There’s no government, we’re told, like no government.

You know who would find all of this fear of self-government just entirely bizarre?

The Founding Fathers.

In today’s conversation we’ll consider the fundamentals of American patriotism, we’ll ask one of those Founding Fathers how he saw the role of Government—and we’ll toss in a few words from Abraham Lincoln, just for good measure.
fake consultant :: On The Fear Of Government, Or, Let's Get Back To Basics
"...There's a lot of different scenarios...We've got a great union. There's absolutely no reason to dissolve it. But if Washington continues to thumb their nose at the American people, you know, who knows what might come out of that.
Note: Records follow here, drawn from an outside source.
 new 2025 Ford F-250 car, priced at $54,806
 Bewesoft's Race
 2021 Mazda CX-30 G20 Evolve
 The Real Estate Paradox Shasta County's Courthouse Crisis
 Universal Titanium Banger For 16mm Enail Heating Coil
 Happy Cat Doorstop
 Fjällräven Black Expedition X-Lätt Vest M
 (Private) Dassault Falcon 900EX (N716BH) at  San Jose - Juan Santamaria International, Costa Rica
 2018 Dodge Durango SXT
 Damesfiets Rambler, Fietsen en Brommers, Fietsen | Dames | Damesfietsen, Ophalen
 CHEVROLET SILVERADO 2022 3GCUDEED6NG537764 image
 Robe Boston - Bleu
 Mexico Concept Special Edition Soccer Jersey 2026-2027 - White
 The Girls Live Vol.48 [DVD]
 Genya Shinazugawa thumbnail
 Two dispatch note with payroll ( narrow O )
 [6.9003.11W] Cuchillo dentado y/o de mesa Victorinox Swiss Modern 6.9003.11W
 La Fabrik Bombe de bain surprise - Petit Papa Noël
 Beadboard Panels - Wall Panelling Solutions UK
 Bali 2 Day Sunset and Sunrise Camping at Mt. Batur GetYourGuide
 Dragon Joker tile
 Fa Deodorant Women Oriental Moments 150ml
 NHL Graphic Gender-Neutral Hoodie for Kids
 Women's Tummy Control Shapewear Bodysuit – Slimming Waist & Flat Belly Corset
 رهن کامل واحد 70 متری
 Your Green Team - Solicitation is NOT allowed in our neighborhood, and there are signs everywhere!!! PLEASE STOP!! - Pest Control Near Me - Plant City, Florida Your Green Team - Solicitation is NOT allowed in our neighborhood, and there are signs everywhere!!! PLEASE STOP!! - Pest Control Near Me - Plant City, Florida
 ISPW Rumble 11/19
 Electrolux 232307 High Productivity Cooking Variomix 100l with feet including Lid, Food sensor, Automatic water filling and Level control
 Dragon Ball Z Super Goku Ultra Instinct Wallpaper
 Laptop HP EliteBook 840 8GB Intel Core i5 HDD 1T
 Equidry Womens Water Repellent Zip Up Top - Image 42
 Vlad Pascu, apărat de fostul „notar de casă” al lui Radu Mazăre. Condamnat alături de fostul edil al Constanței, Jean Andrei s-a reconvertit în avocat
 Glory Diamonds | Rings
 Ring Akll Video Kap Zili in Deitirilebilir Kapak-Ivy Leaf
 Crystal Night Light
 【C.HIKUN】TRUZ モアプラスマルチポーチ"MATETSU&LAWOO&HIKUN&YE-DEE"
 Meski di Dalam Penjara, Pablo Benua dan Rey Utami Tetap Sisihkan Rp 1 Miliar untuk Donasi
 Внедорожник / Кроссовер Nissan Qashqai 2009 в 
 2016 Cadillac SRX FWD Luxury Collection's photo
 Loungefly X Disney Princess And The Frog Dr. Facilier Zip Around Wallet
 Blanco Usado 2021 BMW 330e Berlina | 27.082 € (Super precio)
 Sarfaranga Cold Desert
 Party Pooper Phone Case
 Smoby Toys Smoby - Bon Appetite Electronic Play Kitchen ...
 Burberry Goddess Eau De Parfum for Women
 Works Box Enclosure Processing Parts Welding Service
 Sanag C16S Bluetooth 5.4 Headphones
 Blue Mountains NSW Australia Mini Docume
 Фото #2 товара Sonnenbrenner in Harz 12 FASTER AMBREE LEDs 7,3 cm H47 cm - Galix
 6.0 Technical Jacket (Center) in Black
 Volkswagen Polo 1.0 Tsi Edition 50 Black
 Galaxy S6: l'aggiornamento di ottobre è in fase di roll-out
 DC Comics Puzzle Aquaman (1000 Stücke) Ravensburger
But Texas is a very unique place, and we're a pretty independent lot to boot..."

Texas Governor Rick Perry, April 15, 2009


In a conversation about American Patriotism, it’s hard to find a better place to start than with the words of Thomas Paine...as long as you actually understand what he’s trying to tell us.

“The trouble with people is not that they don't know but that they know so much that ain't so.”

--Henry Wheeler Shaw, as Josh Billings, The Encyclopedia of Wit and Wisdom


Lots of people figure it’s just plain common sense that Government must be evil, and to make their point they regularly quote from the very first paragraphs of Paine’s seminal work, which, coincidentally, is also entitled Common Sense:

“...Society is produced by our wants, and government by our wickedness...Society in every state is a blessing, but government, even in its best state, is but a necessary evil...”


But what these observers fail to understand is that, in the end, Paine’s not condemning government’s intrusions as much as he is man’s frailties.

Consider this passage, from just a bit farther down on that same page:

“...Government, like dress, is the badge of lost innocence: the palaces of kings are built on the ruins of the bowers of paradise. For, were the impulses of conscience clear, uniform, and irresistibly obeyed, man would need no other lawgiver; but that not being the case, he finds it necessary to surrender up a part of his property to furnish means for the protection of the rest; and this he is induced to do by the same prudence which, in every other case, advises him out of two evils to choose the least. Wherefore, security being the true design and end of government, it unanswerably follows, that whatever form thereof appears most likely to ensure it to us with the least expense and greatest benefit, is preferable to all others.”

(Emphasis appears in original)


So...what is Paine actually saying?

Since people don’t always do the right thing, you need a government that governs wisely and well—and the last thing that you want, if you want security...is no government at all.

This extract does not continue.